From c++20, you can have non-trivial destructors, so this is possible in principle. As far as I know, only vector and string are available in constexpr contexts though, and even then, all the storage that they allocate, must be deallocated before run-time. So you can't even have a vector or string at compile time that you can also use at run-time.

From c++20, you can guarantee that the vector or string, or map is initialized at program-load time though, using the keyword constinit.

In case you just want to do a complex initialization of a const map, you can do that with an IIILE (immediately invoked initializing lambda expression) even before c++20. e.g.

const map<string, int> m = [] {
  map<string,int> x; // construct a map ...
  x["hi"] = 42;  // populate it
  return x;// return it
}();   // and call the expression straight away.

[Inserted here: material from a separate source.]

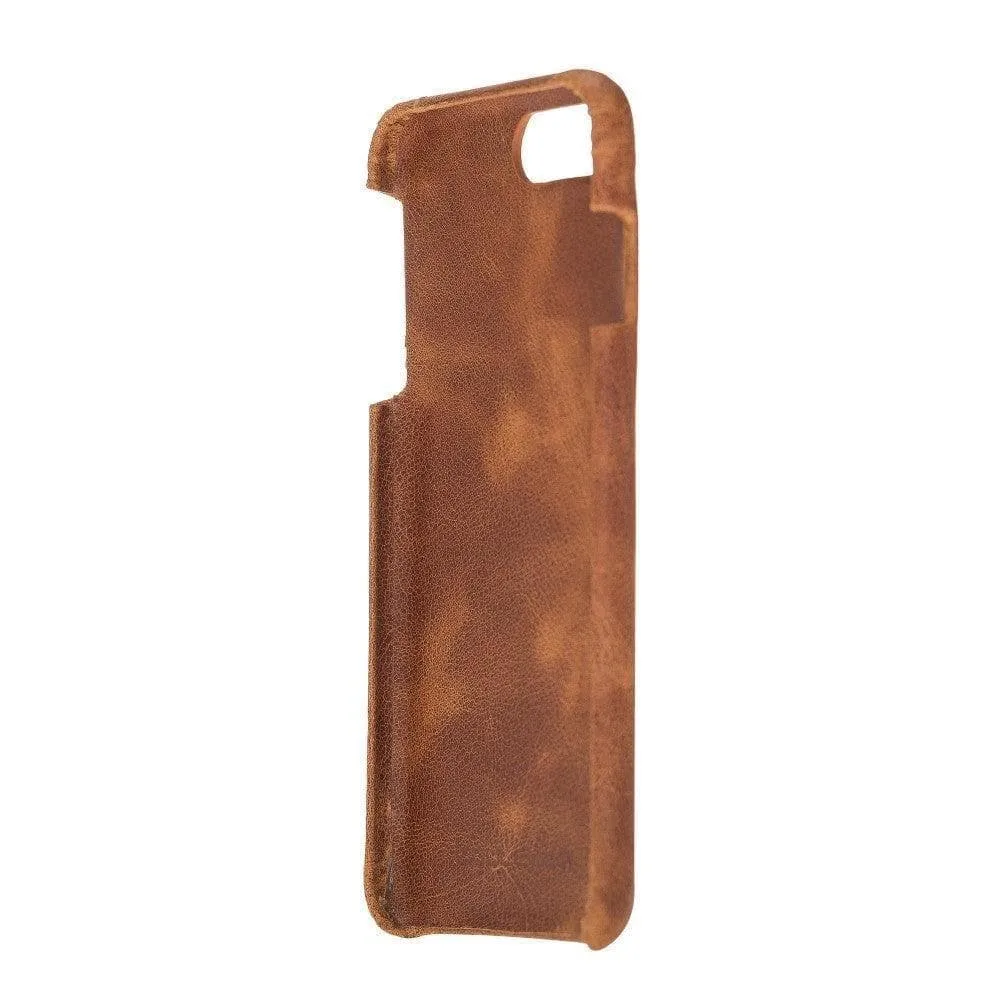 Apple iPhone SE Series Fully Covering Leather Back Cover Case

C++14 Static class map initialization

You need to "define" your map after you "declared" it:
See: https://en.cppreference.com/w/cpp/language/static

#include <map>
#include <string>

struct SomeInfo
{
    std::string id;
    std::string name;
};

enum MyEnum {
    Enum1, Enum2

};

class Foo
{
private:
    static const std::map<MyEnum, SomeInfo> fooMap;
public:
    static std::map<MyEnum, SomeInfo> getMap()
    {
        return fooMap;
    }
};

const std::map<MyEnum, SomeInfo> Foo::fooMap = {
    {MyEnum::Enum1, SomeInfo{ "info1", "Info 1" }},
    {MyEnum::Enum2, SomeInfo{ "info2", "Info 2" }}
};

int main(){
    auto val = Foo::getMap()[MyEnum::Enum1];
    return 0;
}

And if you want to make your type not constructable you can delete the compiler generated default constructor via Foo() = delete; - it must not be private.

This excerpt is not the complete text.